Nvidia’s China market share has collapsed from over 90% in 2022 to an estimated 10% in early 2026. Jensen has said the Chinese market could be worth $50 billion per year, and none of those sales are currently in Nvidia’s forecasts. This approval is Beijing signaling that it is willing to pay the premium for now, even as it builds domestic alternatives.
The real question is what happens when Nvidia’s Blackwell generation arrives. The H200 is already two generations behind Nvidia’s upcoming Rubin architecture. The 18-month technology lag was part of the Trump administration’s justification for allowing exports. If China is this hungry for two-generation-old chips, it tells you how far behind Huawei actually is.
Big Tech’s $475 Billion AI Bet Meets the TSMC Bottleneck
Meta and Microsoft both beat expectations in earnings. But the numbers that matter are the ones they haven’t earned yet.
Meta guided 2026 capital expenditure to $115 billion to $135 billion, which is basically all of their free cash flow. It doubles the $72.2 billion spent in 2025.

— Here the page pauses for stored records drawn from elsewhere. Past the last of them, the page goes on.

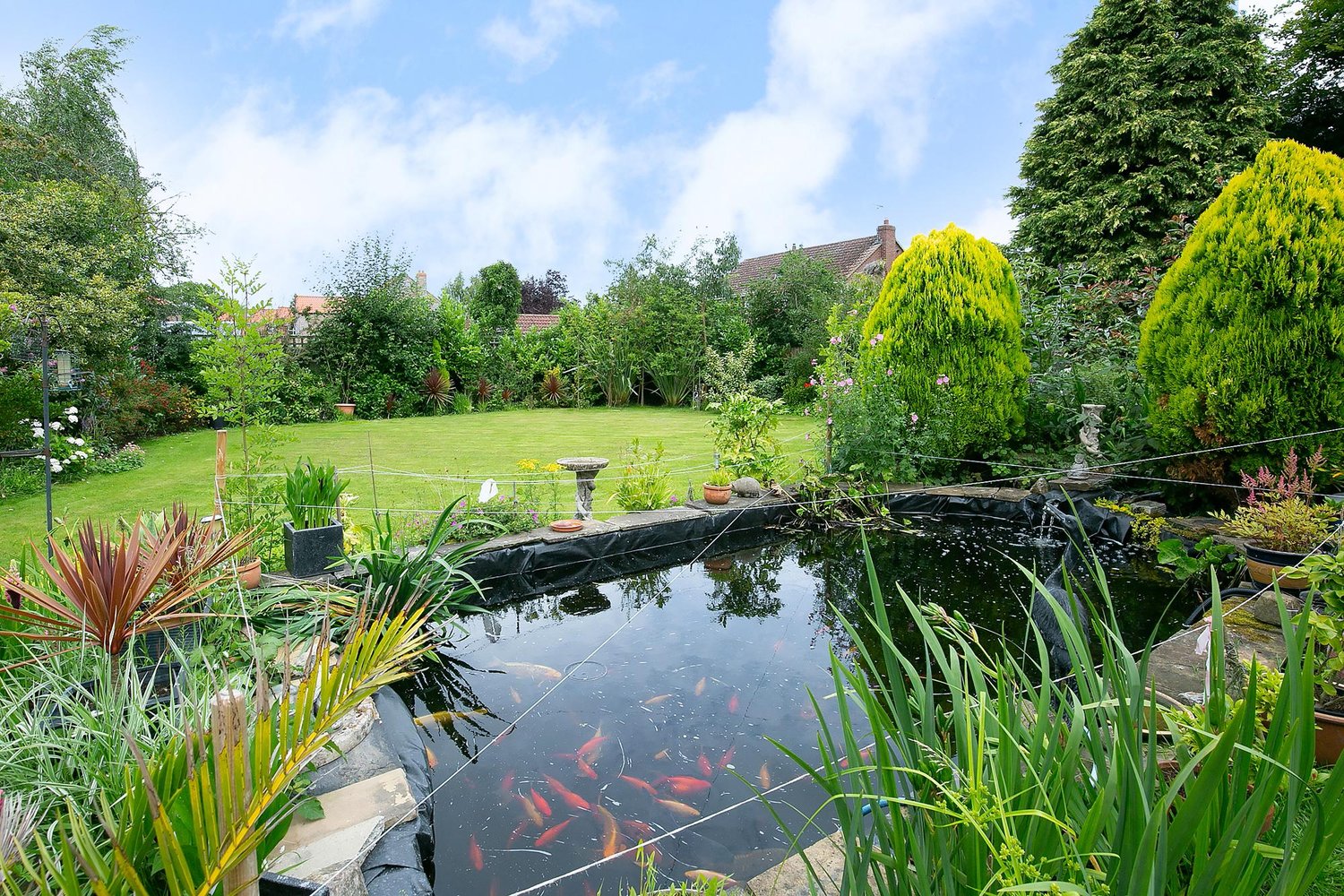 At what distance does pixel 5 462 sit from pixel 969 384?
394 inches

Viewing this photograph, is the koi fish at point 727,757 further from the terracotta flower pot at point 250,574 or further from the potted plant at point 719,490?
the potted plant at point 719,490

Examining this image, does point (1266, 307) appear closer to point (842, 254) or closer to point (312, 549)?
point (312, 549)

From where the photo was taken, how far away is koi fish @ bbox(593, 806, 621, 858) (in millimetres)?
2213

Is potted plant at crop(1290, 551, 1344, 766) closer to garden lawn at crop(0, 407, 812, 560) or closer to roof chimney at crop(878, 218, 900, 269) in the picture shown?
garden lawn at crop(0, 407, 812, 560)

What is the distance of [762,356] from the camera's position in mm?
15352

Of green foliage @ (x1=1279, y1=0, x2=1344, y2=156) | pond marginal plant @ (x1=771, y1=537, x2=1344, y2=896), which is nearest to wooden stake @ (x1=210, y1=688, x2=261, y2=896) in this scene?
pond marginal plant @ (x1=771, y1=537, x2=1344, y2=896)

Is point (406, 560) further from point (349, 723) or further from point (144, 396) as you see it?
point (144, 396)

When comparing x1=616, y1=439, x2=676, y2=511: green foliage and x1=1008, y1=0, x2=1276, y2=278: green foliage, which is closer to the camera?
x1=616, y1=439, x2=676, y2=511: green foliage

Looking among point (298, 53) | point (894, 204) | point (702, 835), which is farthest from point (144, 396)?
point (894, 204)

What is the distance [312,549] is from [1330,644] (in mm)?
4169

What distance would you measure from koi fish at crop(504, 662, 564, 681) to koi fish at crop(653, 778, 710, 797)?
969mm

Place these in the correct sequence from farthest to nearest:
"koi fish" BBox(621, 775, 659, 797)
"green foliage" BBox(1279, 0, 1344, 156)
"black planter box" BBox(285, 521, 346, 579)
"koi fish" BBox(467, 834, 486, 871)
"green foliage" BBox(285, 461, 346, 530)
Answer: "green foliage" BBox(1279, 0, 1344, 156) → "green foliage" BBox(285, 461, 346, 530) → "black planter box" BBox(285, 521, 346, 579) → "koi fish" BBox(621, 775, 659, 797) → "koi fish" BBox(467, 834, 486, 871)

Zuckerberg told analysts that 2026 would be a “major AI acceleration” year, with Meta targeting 1.3 million GPUs and 1 gigawatt of data center power by year-end. The spending is primarily directed at Meta Superintelligence Labs, the team that delivered its first internal models in January.
In their earnings, Microsoft shared that demand backlog more than doubled to $625 billion. They also disclosed that capacity constraints will persist through at least June. The backlog is growing because they cannot build fast enough. Every quarter of constraints is revenue Microsoft will never get back.
Combined, Microsoft, Meta, Alphabet, and Amazon are expected to spend roughly $475 billion in capex this year, up from $230 billion in 2024. Add in the broader ecosystem and Gartner projects global AI spending will hit $2.5 trillion, up 44% from 2025.
And spending is only half the problem. We wrote last week about TSMC being the single bottleneck limiting AI growth. C.C. Wei admitted new fabs won’t contribute meaningful capacity until 2028-2029, and that investment doesn’t look like enough.
Meta is spending all of its free cash flow because it believes it is irrelevant without AI. Microsoft has $625 billion in signed contracts it cannot fulfill. The demand is proven, the supply is not there, and the only company that can fix that is TSMC.
But as we wrote last week, until Intel and Samsung catch up, why would they take on the risk?








pretty interesting update this time. the numbers we are seeing is still super impressive in this space
The semiconductor dynamics between the US and China keep getting more complex and worth following closely.